We were lucky to catch up with Shaneka Boucher recently and have shared our conversation below.
Shaneka, thanks for taking the time to share your stories with us today We’d love to have you retell us the story behind how you came up with the idea for your business, I think our audience would really enjoy hearing the backstory.
So I was a first-generation college student. And I got in. I did the work, I got there. But once I was actually on campus, I realized pretty quickly that getting in and being prepared were two completely different things.
There were all these things everyone else seemed to just… know. How to talk to a professor during office hours. How financial aid actually worked beyond the letter you got in the mail. How to ask for help without feeling like you were exposing that you didn’t belong there. My parents hadn’t been through it, so they couldn’t hand me that knowledge ahead of time. I had to find out the hard way. The impact was to my grades, self esteem and mindset.

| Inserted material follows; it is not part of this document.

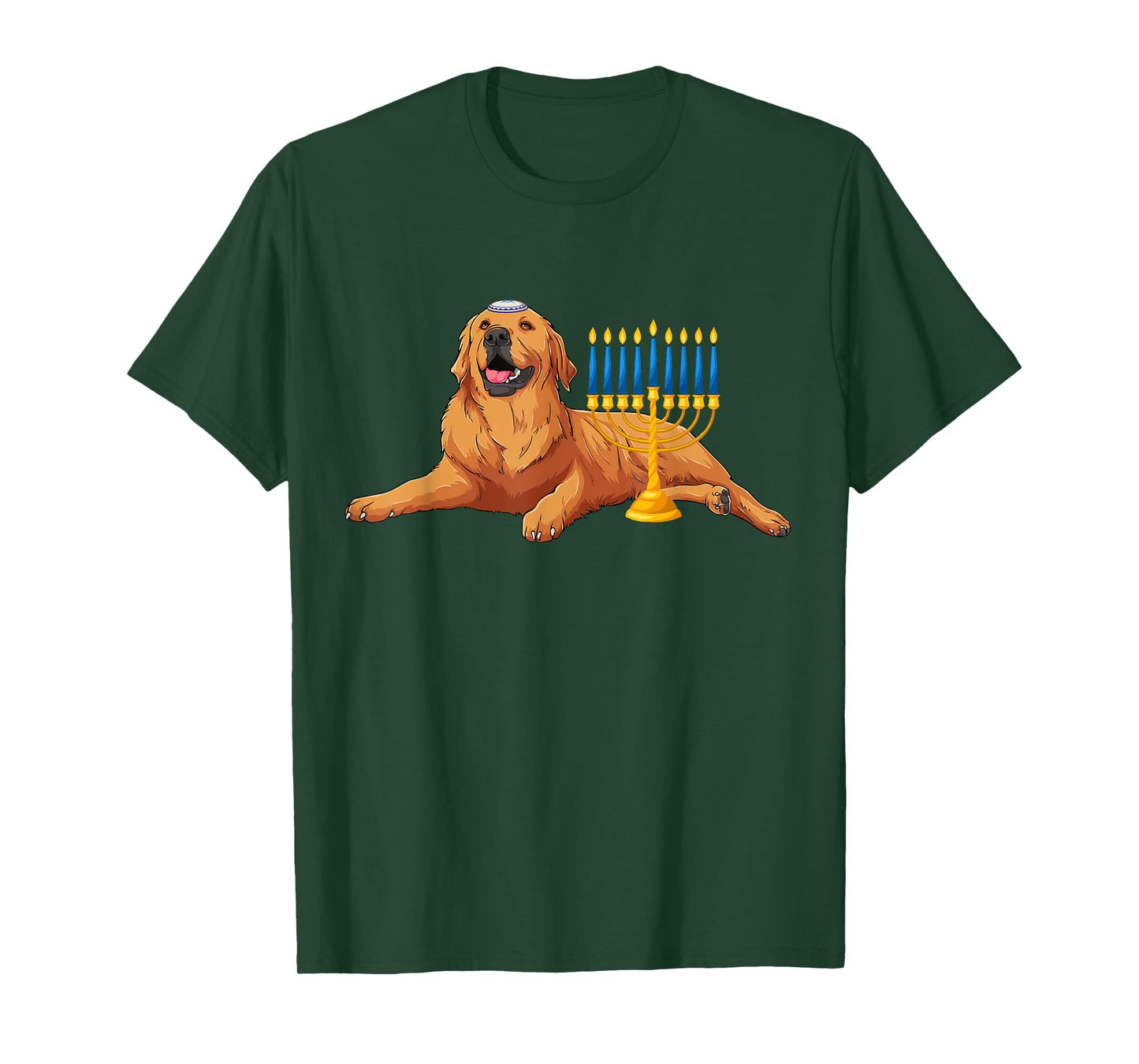 Jewish Golden Retriever Dog Menorah Hanukkah Pajamas T-Shirt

The thing about that experience is, it doesn’t make you bitter, necessarily. It makes you protective. I remember thinking: somebody coming up behind me shouldn’t have to learn this the hard way. There’s no reason a kid should have to discover the gap right when it matters most.

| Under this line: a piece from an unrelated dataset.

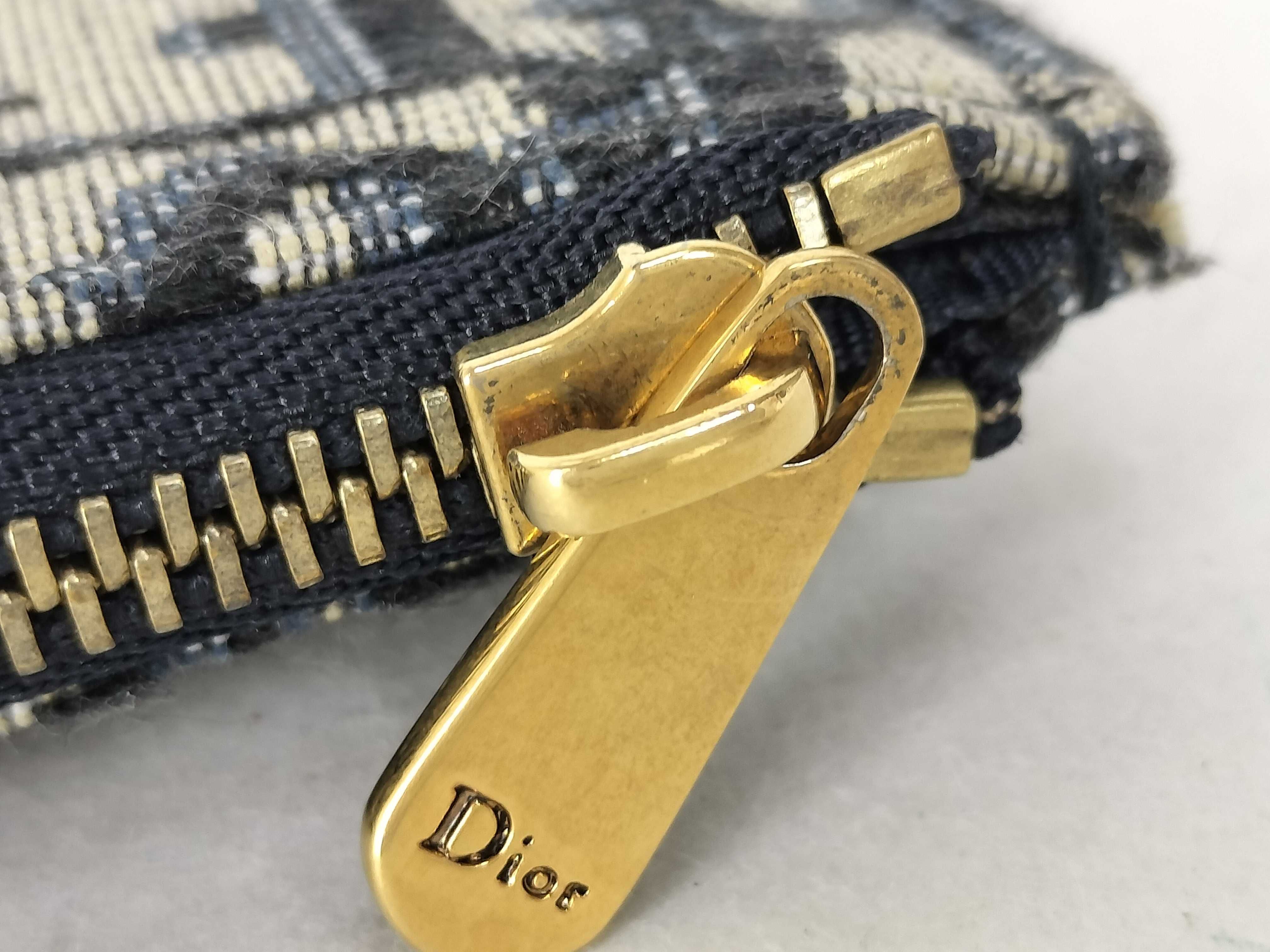 Oblique Canvas x Leather Chain Wallet Navy — view 13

That thought is really where SRTM started. It wasn’t a business plan. It was more like a conviction I carried with me. I wanted youth to have the support I didn’t have. Not just academically, but the whole picture knowing how to advocate for themselves, understanding the systems around them, having adults who were invested in them specifically.
What’s true is that SRTM didn’t arrive fully formed. It evolved. As I grew in my own career and gained more experience, more access, more credibility it got easier to actually build the groundwork underneath that original feeling. The mission stayed the same. What changed was my capacity to build something real around it.
And if you look at what SRTM is today, you can see all of it in there education, because that was my way through; justice, because the gap I fell into wasn’t random, it was structural; youth voice, because nobody asked me what I needed, I just had to figure it out; and community, because none of us do this alone, even when it feels like we are.

Shaneka, before we move on to more of these sorts of questions, can you take some time to bring our readers up to speed on you and what you do?
I’m Shaneka Boucher, President and Founder of Social Responsibility Through Me, a community-based nonprofit in Camden, New Jersey. I’m also a former Camden City Council Member for Ward I but SRTM is where it started, back in 2010, and it’s the thread that’s run through everything I’ve done since.
I’m a first-generation college student. I got into college, but I quickly learned that getting in and being prepared are two very different things. There were things nobody in my life could tell me ahead of time, because nobody had walked that road before me. I had to learn by stumbling and usually by the time I figured something out, it had already cost me. That experience didn’t make me bitter. It made me protective. I didn’t want the next generation of youth to have to discover those same gaps the hard way, right when it mattered most.
That feeling is what became SRTM. It started small and evolved the more experience, access, and credibility I built in my own career, the more groundwork I could lay underneath that original conviction. Today, SRTM serves 500+ Camden youth annually, grades K through 24, across four school campuses, with programming in youth development, environmental education, civic engagement, and workforce readiness.
What sets us apart: we don’t just serve youth we employ them. SRTM has put 100+ Camden youth on payroll as paid program staff, not unpaid “participants.” That’s an intentional choice. There’s a real difference between telling a young person “we’ll take care of you” and telling them “we trust you with responsibility, and we’ll pay you for your work.” Paying our youth as staff means they’re building a resume, a work ethic, and a professional network years before most of their peers and it means SRTM’s programs are run, in part, by the very community we serve.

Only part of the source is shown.